L’horloge égrenait les minutes lentement, et la première neige, dans un frôlement délicat, se plaquait sur les vitres avec un petit bruit d’insecte qui gruge ; l’ombre grandissait, les ouvrages glissèrent sur les genoux des travailleuses, pendant que leurs doigts fins jouaient distraitement avec les dés et les ciseaux qui jetaient des lueurs claires quand un rayon du foyer les touchait. — « Comme nous sommes bien ici ! Mais j’ai peur, moi, de ce qui vient. Et l’année prochaine, à cette même date, nous serons peut-être dans l’angoisse de l’inquiétude… ou dans le deuil ! »

Ce spectre de la conscription était tapi au fond de nos cœurs, et de l’en sortir avec des mots conjura le silence qui avait pesé sur nous.

Nos langues se délièrent et dans la demi-obscurité de la pièce qu’on refusa de faire éclairer, nous laissâmes nos cœurs déborder, et il se dit bien des choses dans mon petit salon !… bien des choses tristes, libertaires, amusantes ; généreuses et charitables aussi, bonnes gens, rassurez-vous !

Car il y a des gens qui voudraient qu’on ne soit bon qu’à leur façon, qu’on n’entende les choses que de leur oreille, qu’on ne soit charitable que pour leurs œuvres, et qu’on fasse table rase de toutes nos opinions pour adopter les leurs, en les remerciant gentiment de nous enlever la peine de penser par nous-mêmes.

Ceux-là auraient peut-être un peu dressé les oreilles en entendant nos petits discours et ils n’auraient pas manqué une si belle occasion de nous critiquer.

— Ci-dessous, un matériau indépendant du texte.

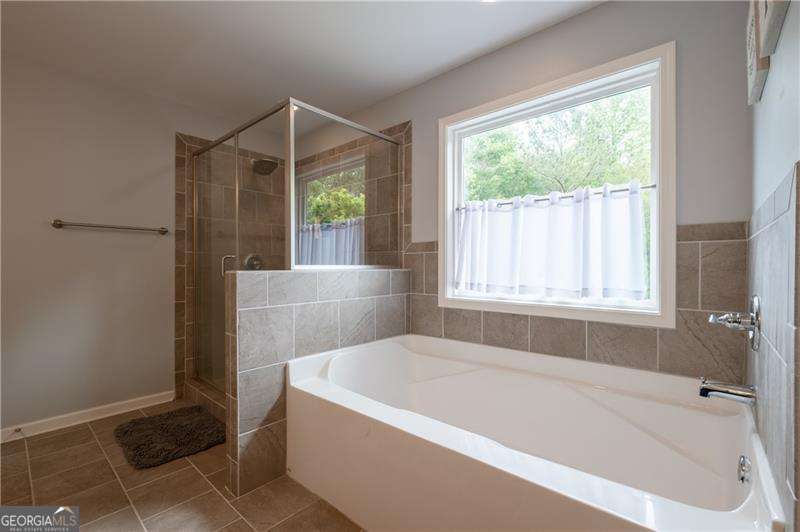 719 Fairview Road Brooks GA 30205
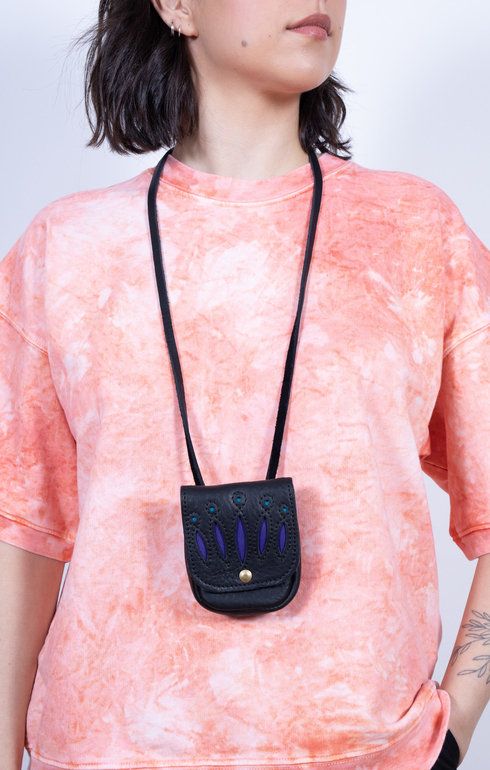 Slash Pouch Black x Purple
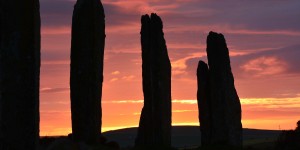 Ring of Brodgar bei Sonnenuntergang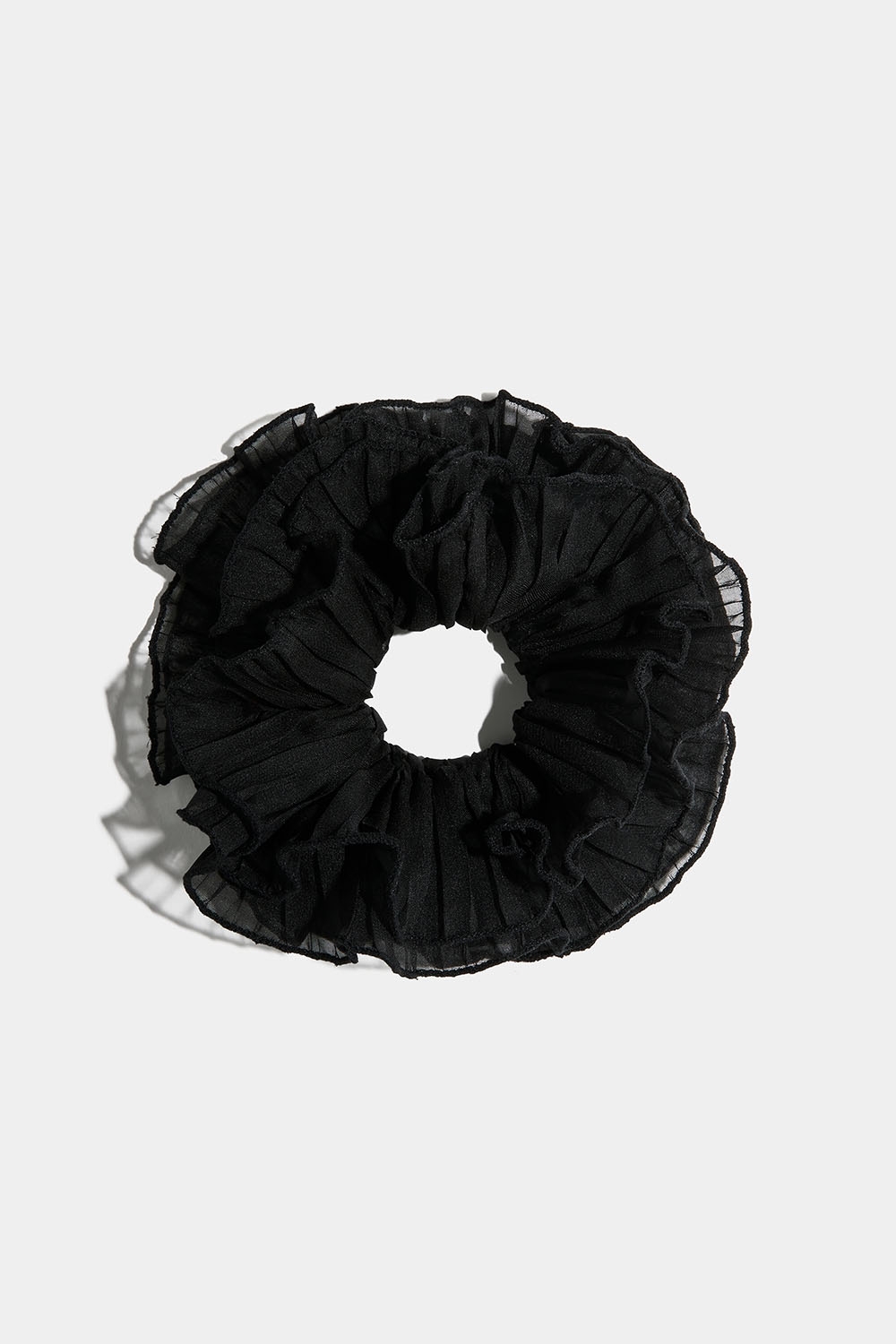 Svart scrunchie i plissert tyll i gruppen Håraccessories / Scrunchies hos Glitter (332001199000)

Mais aucun de ces fâcheux n’était là, et je vous prie de croire que personne ne se gêna pour dire sa façon de penser. J’ajoute modestement que si notre façon de penser a ses audaces, elle demeure raisonnable, et nous aurions certainement étonné nos détracteurs qui prétendent que les femmes ne sont pas logiques. Notre animation avait chassé la tristesse du commencement de l’après-midi, et quand vint l’heure de nous séparer, ce fut au milieu de joyeux bonsoirs, que se dispersèrent, dans la neige toute fraîche, les « fidèles » de notre vendredi.